_Aim of the exercise_. In the listing below, locate the line containing "I also have" and copy it and every line after it through the end, exactly as written, leaving out any pictures.

_Data shown_.
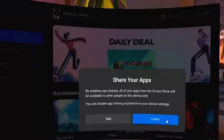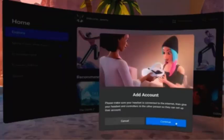Select Skip to allow additional accounts but prevent them from using your apps, or enable it to let additional accounts use your apps. Following the on-screen prompts, set a device unlock code to secure your account, then select Continue.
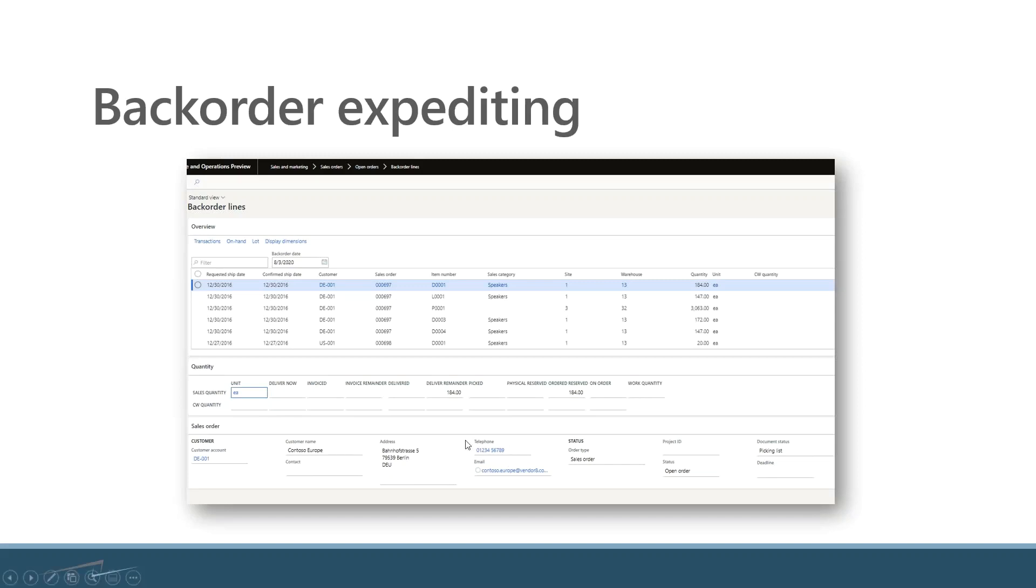I also have contact information here so from this screen as a shipping person I can reach out to the customer directly and say, you know, this is the plan, this is when I'm going to be shipping this to you, or you know, apologies it's on backorder, how can we help you.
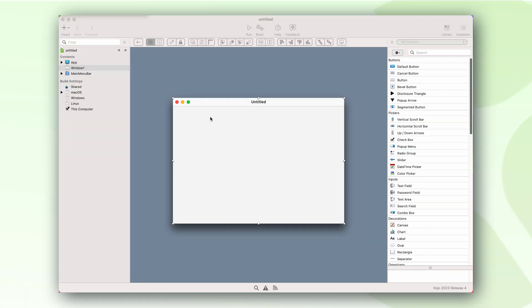In this video, we're going to create a simple Hello World Mac OS application using Zojo.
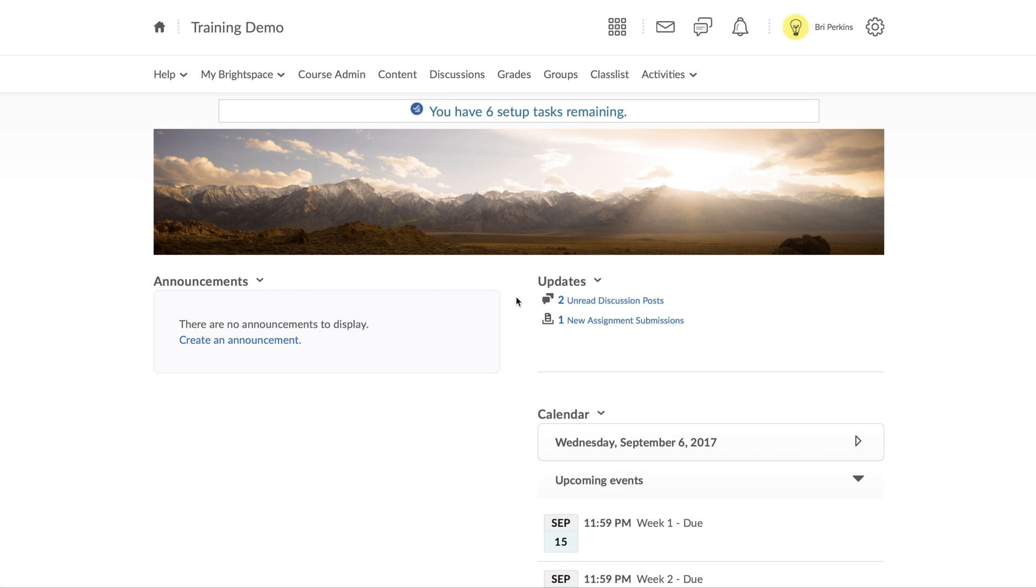When grading from within Brightspace, you want to grade from directly within the content. For example, if I want to grade an assignment,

_Output of the task_.
I also have contact information here so from this screen as a shipping person I can reach out to the customer directly and say, you know, this is the plan, this is when I'm going to be shipping this to you, or you know, apologies it's on backorder, how can we help you.
In this video, we're going to create a simple Hello World Mac OS application using Zojo.
When grading from within Brightspace, you want to grade from directly within the content. For example, if I want to grade an assignment,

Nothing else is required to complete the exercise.